§ **The data**:

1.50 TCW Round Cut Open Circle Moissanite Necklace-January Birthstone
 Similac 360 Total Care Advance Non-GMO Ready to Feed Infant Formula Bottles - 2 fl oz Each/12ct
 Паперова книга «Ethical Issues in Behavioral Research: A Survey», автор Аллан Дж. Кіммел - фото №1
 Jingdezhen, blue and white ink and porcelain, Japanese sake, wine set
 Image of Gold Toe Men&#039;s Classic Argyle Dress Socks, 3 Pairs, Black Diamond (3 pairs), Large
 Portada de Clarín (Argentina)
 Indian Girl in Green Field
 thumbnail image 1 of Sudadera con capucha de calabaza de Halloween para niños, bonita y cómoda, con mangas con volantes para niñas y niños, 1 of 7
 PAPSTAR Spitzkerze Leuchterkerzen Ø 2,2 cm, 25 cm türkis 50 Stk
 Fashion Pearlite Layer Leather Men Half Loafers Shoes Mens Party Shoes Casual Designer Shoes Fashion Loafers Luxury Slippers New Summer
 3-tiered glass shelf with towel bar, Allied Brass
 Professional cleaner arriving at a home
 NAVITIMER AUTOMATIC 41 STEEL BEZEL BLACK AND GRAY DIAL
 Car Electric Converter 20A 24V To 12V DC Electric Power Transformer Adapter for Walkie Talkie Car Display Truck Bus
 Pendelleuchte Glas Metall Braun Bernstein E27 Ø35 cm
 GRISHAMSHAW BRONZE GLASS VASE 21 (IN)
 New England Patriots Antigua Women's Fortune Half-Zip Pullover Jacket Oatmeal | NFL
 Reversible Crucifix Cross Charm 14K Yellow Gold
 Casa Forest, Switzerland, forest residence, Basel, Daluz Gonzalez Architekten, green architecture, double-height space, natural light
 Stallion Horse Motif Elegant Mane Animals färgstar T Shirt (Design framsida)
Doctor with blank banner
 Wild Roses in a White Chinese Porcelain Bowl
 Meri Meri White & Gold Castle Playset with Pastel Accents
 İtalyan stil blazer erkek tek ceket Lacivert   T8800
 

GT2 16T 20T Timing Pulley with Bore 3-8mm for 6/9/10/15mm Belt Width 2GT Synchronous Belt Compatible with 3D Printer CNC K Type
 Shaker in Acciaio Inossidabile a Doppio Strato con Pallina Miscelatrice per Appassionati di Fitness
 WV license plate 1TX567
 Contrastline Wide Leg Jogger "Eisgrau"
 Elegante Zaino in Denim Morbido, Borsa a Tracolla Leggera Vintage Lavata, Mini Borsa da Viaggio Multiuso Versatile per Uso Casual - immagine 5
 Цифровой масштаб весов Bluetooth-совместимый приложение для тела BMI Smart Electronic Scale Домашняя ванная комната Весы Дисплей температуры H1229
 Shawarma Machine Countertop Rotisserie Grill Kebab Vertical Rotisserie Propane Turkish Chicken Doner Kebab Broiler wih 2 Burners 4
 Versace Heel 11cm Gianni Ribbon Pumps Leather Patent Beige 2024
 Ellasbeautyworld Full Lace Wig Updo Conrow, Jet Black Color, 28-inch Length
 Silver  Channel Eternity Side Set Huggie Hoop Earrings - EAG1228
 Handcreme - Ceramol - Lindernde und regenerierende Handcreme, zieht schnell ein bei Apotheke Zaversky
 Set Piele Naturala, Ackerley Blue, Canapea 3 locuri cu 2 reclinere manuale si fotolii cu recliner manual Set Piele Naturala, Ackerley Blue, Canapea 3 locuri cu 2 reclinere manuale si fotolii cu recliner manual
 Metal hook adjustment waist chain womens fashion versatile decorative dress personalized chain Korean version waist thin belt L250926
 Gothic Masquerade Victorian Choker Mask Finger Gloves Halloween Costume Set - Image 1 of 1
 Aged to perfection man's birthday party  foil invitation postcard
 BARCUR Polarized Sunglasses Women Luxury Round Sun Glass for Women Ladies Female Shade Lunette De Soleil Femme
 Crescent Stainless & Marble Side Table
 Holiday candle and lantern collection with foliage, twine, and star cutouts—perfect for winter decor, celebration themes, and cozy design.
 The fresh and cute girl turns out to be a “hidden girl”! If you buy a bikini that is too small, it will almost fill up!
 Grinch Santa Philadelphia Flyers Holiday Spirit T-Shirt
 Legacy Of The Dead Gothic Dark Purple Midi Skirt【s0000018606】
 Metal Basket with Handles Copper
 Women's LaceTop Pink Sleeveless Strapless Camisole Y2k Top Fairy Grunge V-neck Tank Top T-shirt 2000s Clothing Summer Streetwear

§ **Try it**:
Reproduce every line above containing "Summer".

§ **Answer area**:
 Fashion Pearlite Layer Leather Men Half Loafers Shoes Mens Party Shoes Casual Designer Shoes Fashion Loafers Luxury Slippers New Summer
 Women's LaceTop Pink Sleeveless Strapless Camisole Y2k Top Fairy Grunge V-neck Tank Top T-shirt 2000s Clothing Summer Streetwear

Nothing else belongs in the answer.